Received: 18 September 2014

Accepted: 2 February 2015

Published: 27 February 2015

Abstract

Recently a new simply calculated index of body composition -a body shape index (ABSI) has been introduced as an index more reliable than BMI of association between body composition and all-cause mortality. However, until now associations between ABSI and metabolic risk factors have not been evaluated. A total of 114 male university students not engaged in any planned physical activity participated in the present study. Anthropometric measurements (weight, height, waist circumference) were recorded. Body mass index (BMI) was calculated from weight and height, body shape index (ABSI) was calculated from waist circumference, weight, height and BMI. Blood was withdrawn after an overnight fast from the antecubital vein. Triacylglycerols, total cholesterol and HDL-cholesterol levels in plasma were determined using colorimetric methods and Randox commercial kits. Plasma LDL-cholesterol concentrations were calculated according to the Friedewald formula. Circulating insulin was assayed using a standard radioimmunological method with monoclonal antibodies against insulin and BioSource commercial kits. BMI was slightly, but significantly correlated only with circulating TG (r=0.330, p < 0.001) In contrast, ABSI was slightly, but significantly correlated with plasma levels of insulin (r=0.360, p<0.001), TC (r=0.270, p<0.002), LDL-C and non-HDL-C (r=0.300, p<0.001). In participants at the upper quartile of BMI circulating TG was higher (by 50%, p<0.05) than in their counterparts at the lower BMI quartile. Subjects representing the upper quartile of ABSI were characterized by higher plasma levels of insulin, TC, LDL-C and non-HDL in comparison with subjects at the lower ABSI quartile. (by 92 %, 11. %, 29 % and 21 % respectively, p<0.001).

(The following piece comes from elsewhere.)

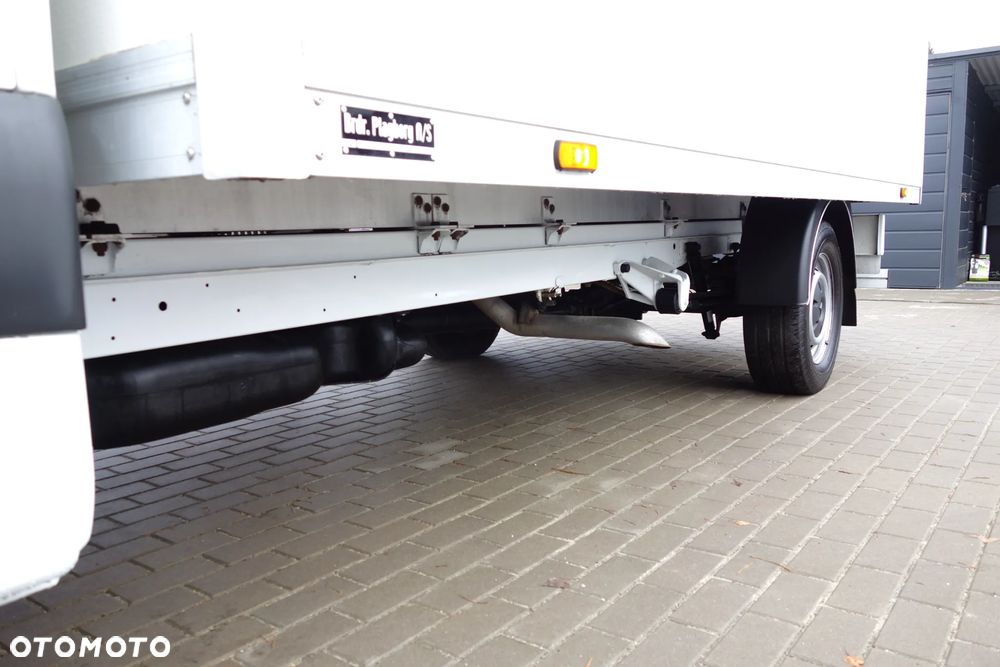 Mercedes-Benz Sprinter 3.0 CDI Automat 190 KM Kontener +Winda  750 kg. - 11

ABSI, a new simply calculated index of body fat seems to more accurately depict the variability in circulating insulin and lipoproteins than BMI at least in young, healthy male subjects.

Keywords

Body mass indexBody shape indexInsulinLipoproteins

Background

At present obesity is recognized as the main cause of type 2 diabetes, cardiovascular disease and an important contributing factor in some cancers [1]. In consequence, precise obesity criteria and diagnosis are of special importance in medical practice.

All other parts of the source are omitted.